Aronsson, su vecino más cercano, estaba junto al camino regando su parra virgen. Hizo una mueca cuando Aronsson le vio y le hizo un gesto para que se parara. El periodista no podía ignorarle sin más, así que frenó y bajó la ventanilla. Aronsson se acercó hasta el coche. Era un hombre de unos setenta años, delgado y con paso vacilante, llevaba puesto un gorro de pescador de tela vaquera, donde ponía «Black & Decker».
– Hombre, Gustav. Así que al final has venido a dar una vuelta.
– Sí -dijo Mahler, y señalando la regadera que Aronsson llevaba en la mano-: ¿Crees que hace falta regar?
Aronsson miró al cielo donde se concentraban las nubes y se encogió de hombros.
– Es la costumbre.
Aronsson cuidaba su parra virgen con esmero. Ésta trepaba frondosa y exuberante alrededor del arco de metal que era la puerta de entrada a su terreno. En el centro del arco había un letrero de madera con las letras grabadas en el que le informaban a uno de que había llegado al jardín de la calma. Después de la jubilación, el vecino había convertido su casa de veraneo en el paraíso sueco más cuidado que pueda imaginarse. Estaba prohibido regar, pero, a juzgar por el verdor al otro lado del arco de entrada, Aronsson no había hecho mucho caso.
– Oye -le dijo Aronsson-, te cogí unas pocas fresas.
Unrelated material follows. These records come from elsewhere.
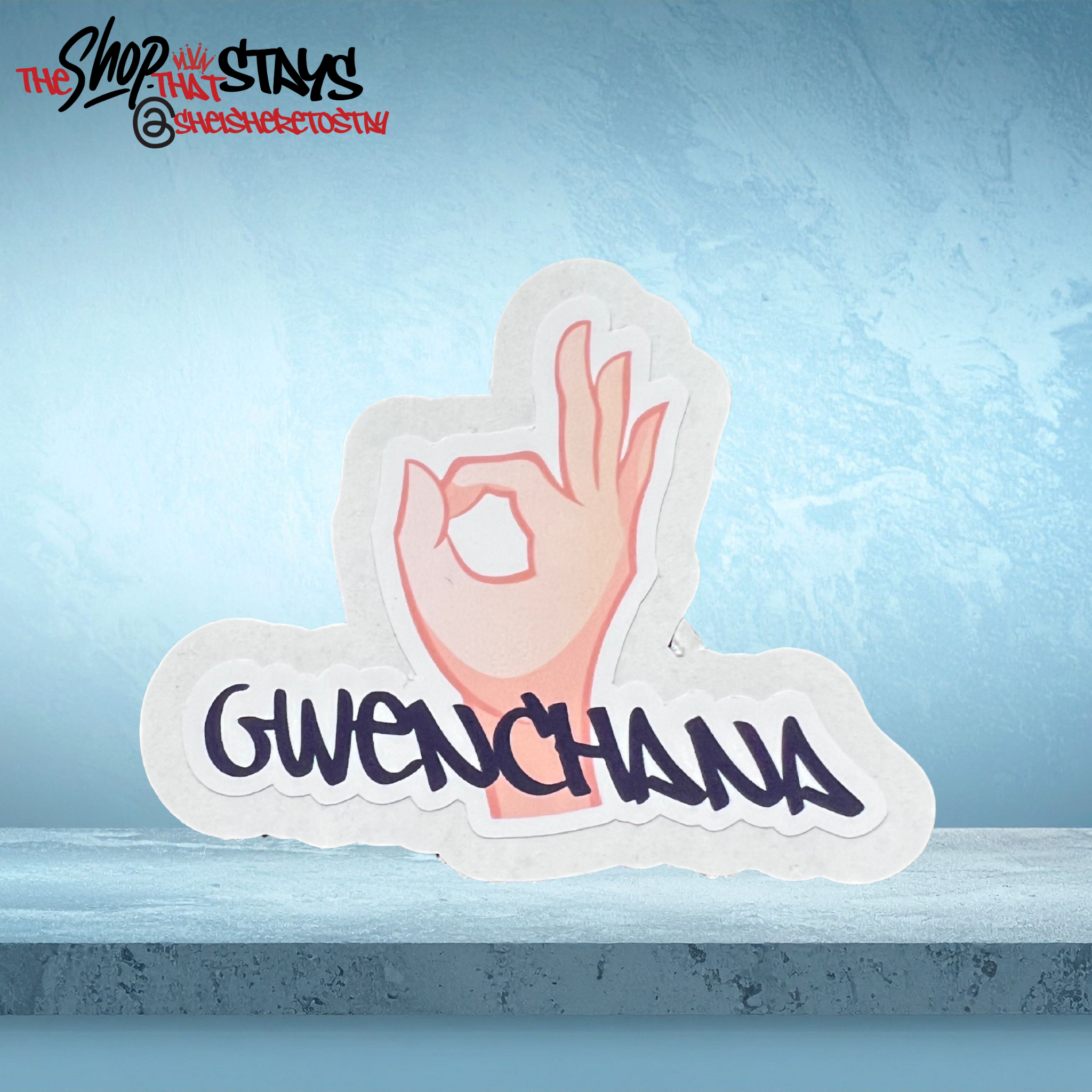 Gwenchana Sticker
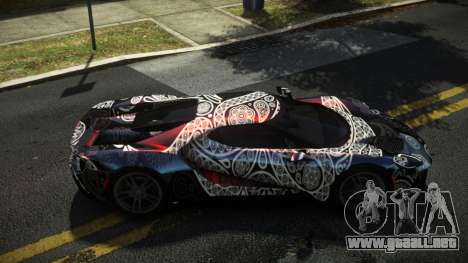 Ford GT Ulmato S12 para GTA 4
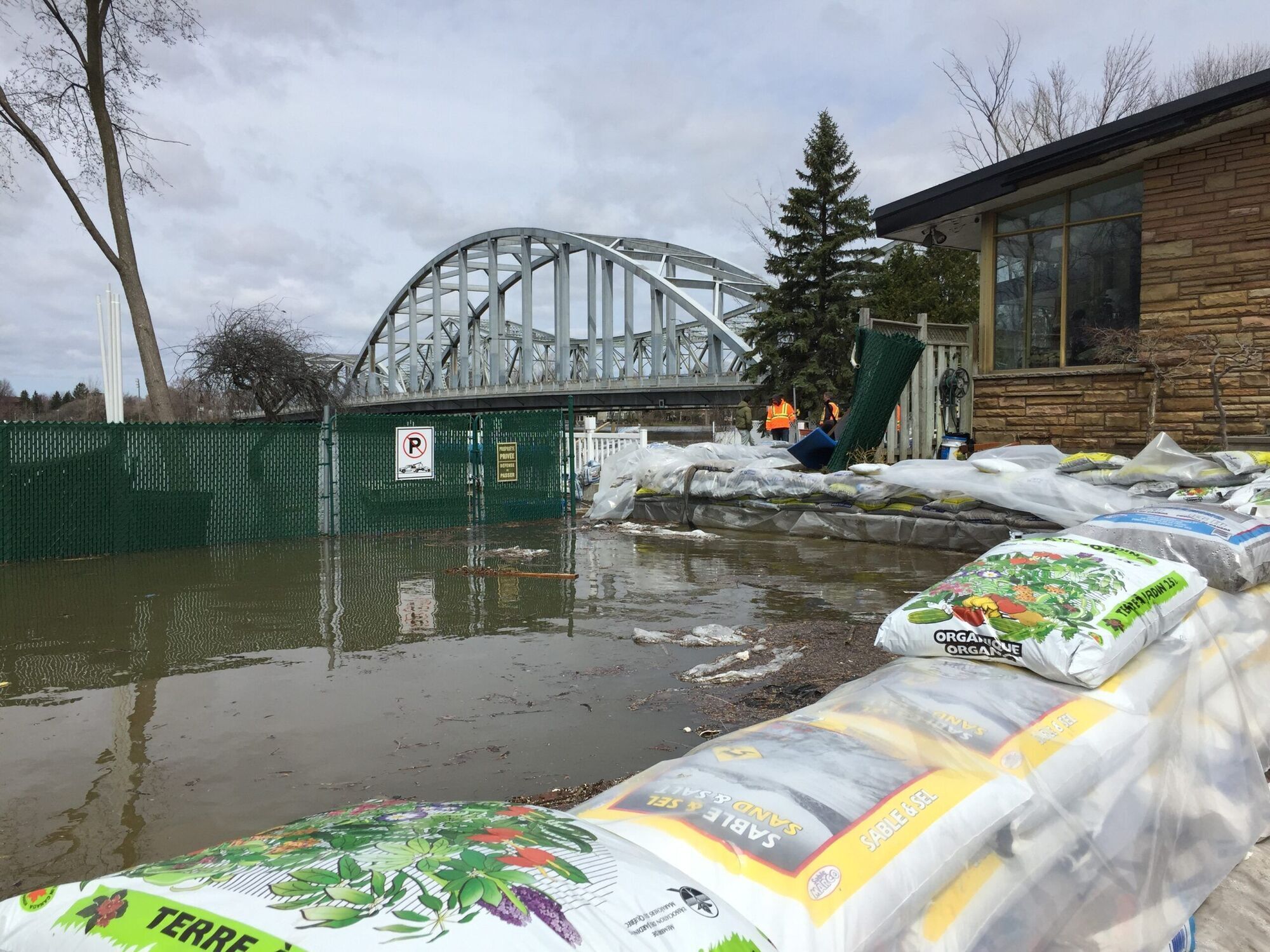 Inondations 2019 (Photo : jdv - Jules Couturier) Ahuntsic Cartierville Montréal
Espero que no te haya molestado. Los corzos andaban tras de ellas.
– No. Me alegro de que no se hayan estropeado -respondió el periodista, aunque habría preferido que se comieran sus fresas los corzos antes que Aronsson.
– Tuviste unas fresas muy buenas -comentó el jubilado, haciendo ademán de paladear-. Eso fue antes de que empezara el tiempo seco. Por cierto, he leído tu artículo. ¿De verdad piensas eso, o es sólo por…? Bueno, ya me entiendes.
Mahler meneó la cabeza.
– No. ¿Qué quieres decir?
Aronsson dio marcha atrás inmediatamente.
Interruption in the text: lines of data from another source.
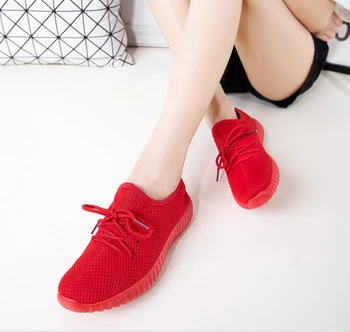 2018 wiosna jesień damskie buty sportowe czarny czerwony buty do biegania dla kobiet buty do biegania Biegowe wycieczki oddychające Damskie buty do biegania tanie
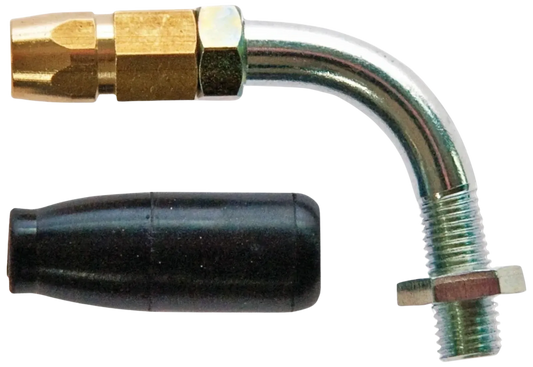VM Carburetor - Small Parts Set (100° Elbow Pipe, Adjusting Screw, Dust Cover, 2x Counter/Lock Nut) - VM Series Carburetors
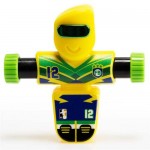 Foosbots Rivals Singles - Brazil - Fat Brain Toys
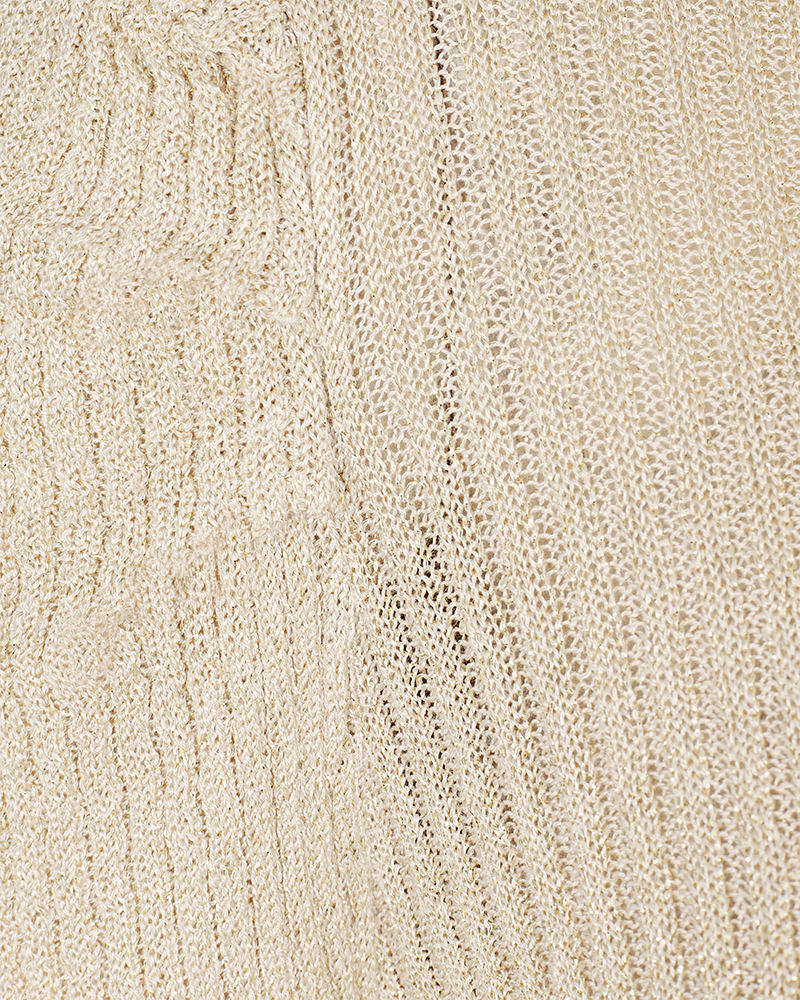 FQLURETTA - PULLOVER - BEIGE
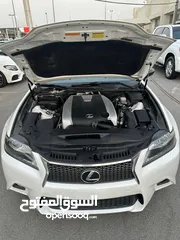  15 LEXUS GS350 F SPORT 2013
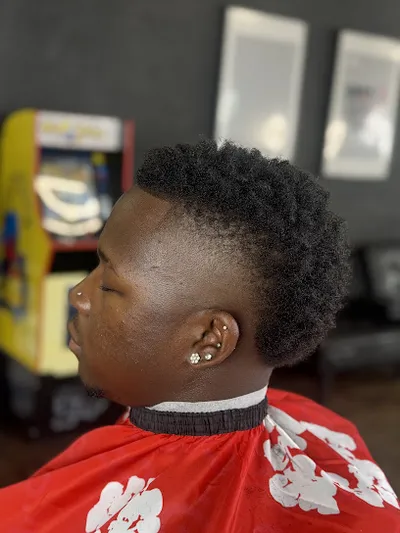 Kristian at The City’s Barbershop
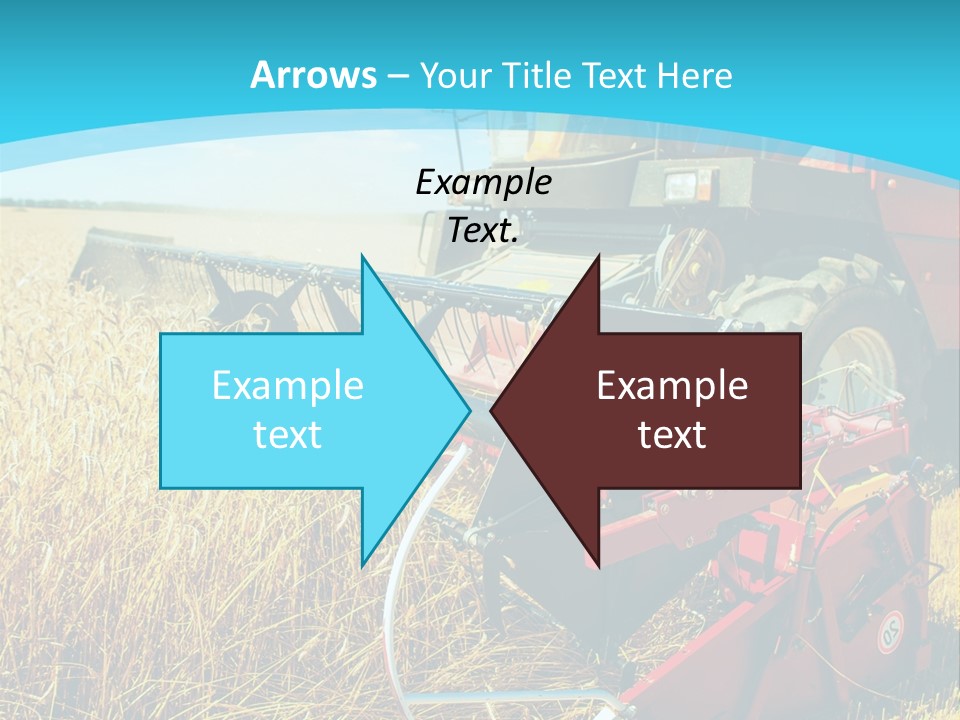 Work Foreground Equipment PowerPoint Template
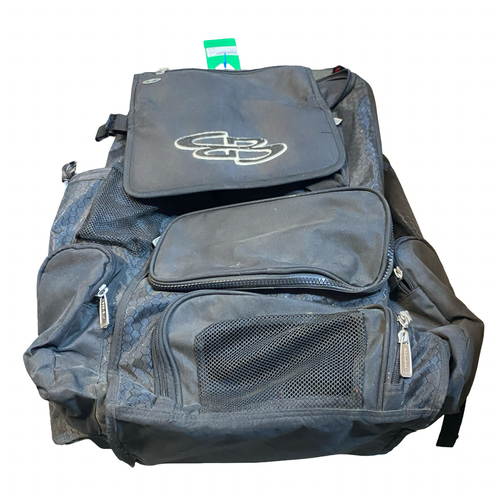 Used BoomBah BLACK BB/SB Player Carry Bag Black 11706-S000387015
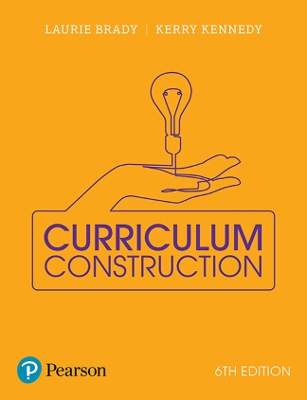 Curriculum Construction book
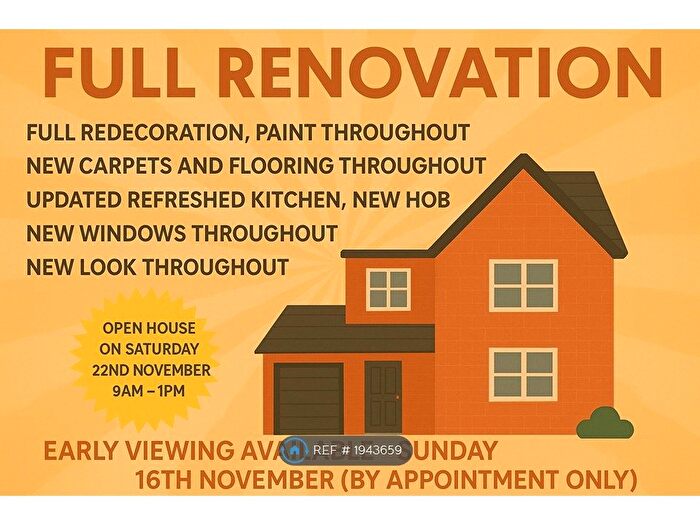 3 Bedroom Detached House To Rent In Tewkesbury Lane, Monkston, Milton Keynes, MK10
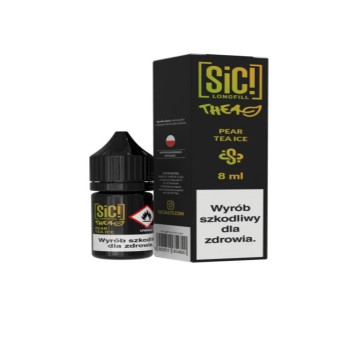 Longfill SIC! 8/10ml - Pear Tea Ice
– No, sólo quería decir… estaba bien escrito. Hacía mucho tiempo que no escribías nada, ¿no?
– Así es.
Mahler había dejado el coche en marcha. Ahora volvió la cara hacia el camino para indicar que debía irse, pero Aronsson no se dio por aludido.
– Bueno, y ahora has venido a pasar aquí unos días y te has traído a la chica.
Mahler asintió. Su vecino tenía una facilidad pasmosa para enterarse de todo, para acordarse de los nombres, los años, de las cosas que habían pasado y para estar al tanto de todo lo que hacía la gente de la colonia. Si se publicara alguna vez una crónica de Koholma, Aronsson tendría que ser el redactor por derecho propio.
Aronsson miró hacia la casa de Mahler, que estaba detrás de la curva, y -gracias a Dios- no se veía desde allí.